- Directed by: Santosh Rai Pathaje
- Written by: Santosh Rai Pathaje
- Produced by: S V Babu
- Starring: Prem Kumar Mallika Kapoor Tejaswini Prakash
- Cinematography: Chandrashekhar
- Edited by: Suresh Urs
- Music by: R P Patnaik
- Release date: 8 August 2007;
- Country: India
- Language: Kannada

= Savi Savi Nenapu =

Savi Savi Nenapu (ಸವಿ ಸವಿ ನೆನಪು) is a 2007 Indian Kannada film starring actor Prem and Mallika Kapoor. The title of the film is based on a song from My Autograph (2005).

==Story==
Prem (played by Prem Kumar) passionately loves his classmate Preethi (Mallika Kapoor) and they get married. But destiny turns cruel towards them and Preethi passes away. Preethi's heart is transplanted to Pallavi (Tejaswini) who is also facing marital problems, as her husband is very career bound as a Model and is not able to keep Pallavi Happy. There is also a co-incidence that Pallavi's husband is identical to Prem. Prem does not want Preethi's heart to suffer and plans things in such a way that Pallavi remains happy. He impersonates himself as Pallavi's husband and spends quality time with her - which she is expecting very badly.

There comes a point when Pallavi's heart fails to adjust after transplantation and she has to be operated. Then Prem reveals about his impersonation to Pallavi's husband and he understands that all was done to keep Pallavi happy. He promises Prem that from now onwards he shall take good care of Pallavi, and try to keep her happy in life.

==Cast==
- Prem Kumar as Prem and Raj
- Mallika Kapoor as Preethi
- Tejaswini Prakash as Pallavi
- Srinath
- Tulasi Shivamani

== Soundtrack ==
R P Patnaik devised the music for this movie.

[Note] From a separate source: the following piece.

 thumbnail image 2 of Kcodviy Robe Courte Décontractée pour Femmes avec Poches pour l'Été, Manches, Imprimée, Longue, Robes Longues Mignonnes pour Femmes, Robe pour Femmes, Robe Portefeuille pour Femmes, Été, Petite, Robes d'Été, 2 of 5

| No. | Title | Lyrics | Singer(s) | Length |
|---|---|---|---|---|
| 1. | "Saviyo Saviyo" | Nagatihalli Chandrashekar. | Sonu Nigam, Shreya Ghoshal |  |
| 2. | "Naa Nanna Nanna" |  | Karthik |  |
| 3. | "Haadu Haadu" |  | Prem |  |
| 4. | "Savi Savi Nenapu" |  | R. P. Patnaik |  |
| 5. | "Nenapu Nenapu" |  | S. P. Balasubrahmanyam |  |
| 6. | "Kanuva Notave" |  | Apoorva Sridhar |  |
| 7. | "Sooryanu Yee Divasa" |  | Rajesh, Suneetha |  |

== Reception ==
A critic from The Times of India wrote that "Slow pace of narration, unnecessary flashbacks and a dull script have marred the film". A critic from Rediff.com opined that "The question is, is a sensitive story enough to make a film interesting? The answer is a big no. The film is a yawn". B S Srivani from Deccan Herald wrote "Only Avinash has more screen time. Pathaje fails to justify why there is no good music to play for Tejaswini who is a violinist in the film. And R P Patnaik’s music fails to evoke sweet memories, except in a couple of songs".